━━━ Stored data ━━━

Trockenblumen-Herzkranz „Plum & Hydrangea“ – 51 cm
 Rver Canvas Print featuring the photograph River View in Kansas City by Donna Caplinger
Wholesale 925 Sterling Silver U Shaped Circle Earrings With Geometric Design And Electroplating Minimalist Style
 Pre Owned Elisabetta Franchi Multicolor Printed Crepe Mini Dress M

━━━

▶ _Exercise prompt_
Extract exactly the lines between the line containing "Rver Canvas Print" and the end of the data, including both.

▶ _Response area_
 Rver Canvas Print featuring the photograph River View in Kansas City by Donna Caplinger
Wholesale 925 Sterling Silver U Shaped Circle Earrings With Geometric Design And Electroplating Minimalist Style
 Pre Owned Elisabetta Franchi Multicolor Printed Crepe Mini Dress M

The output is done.